Павел Федотов
Шрифт:
Достоевский в своих «Белых ночах», явившихся русскому читателю как раз в конце 1848 года, все разъяснил и все показал, отрекаясь от Мечтателя и заодно от себя самого, каким он был в юности: «…Варфоломеевская ночь, Диана Вернон, геройская роль при взятии Казани Иваном Васильевичем, Клара Мовбрай, Евфия Денс, собор прелатов и Гус перед ним, восстание мертвецов в Роберте (помните музыку? Кладбищем пахнет!), Минна и Бренда, сражение при Березине…» и «далеко от берегов своей родины, под чужим небом, полуденным, жарким, в дивном вечном городе, в блеске бала, при громе музыки в палаццо (непременно в палаццо), потонувшем в море огней, на этом балконе, увитом миртами и розами, где она, узнав его, так поспешно сняла свою маску и, прошептав: “Я свободна”, задрожав, бросилась в его объятия…» и прочее.
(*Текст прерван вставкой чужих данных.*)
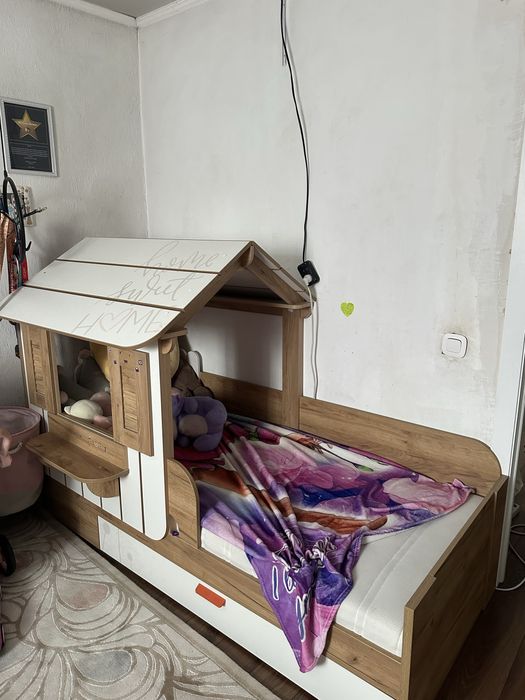 Кровать домик европейский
Однако, если копнуть глубже,
Не та же самая жажда страстей и потрясений влекла его в театр?
В театре он бывал теперь гораздо чаще. Дороговизна билетов уже не отпугивала: ставший таким, как все, он мог теперь позволить себе роскошь, недоступную гвардейскому офицеру, — ходить в раек. Преимущества райка заключались не только в дешевизне. Жизнь, окружавшая его здесь, была куда как интереснее, нежели та, которая кишела где-то внизу — в партере, в ложах, в местах за креслами, едва различимая в блеске эполет и драгоценностей, в трепетании дамских вееров, едва доносившаяся единым ровным жужжанием, в которое сливалась праздная светская болтовня.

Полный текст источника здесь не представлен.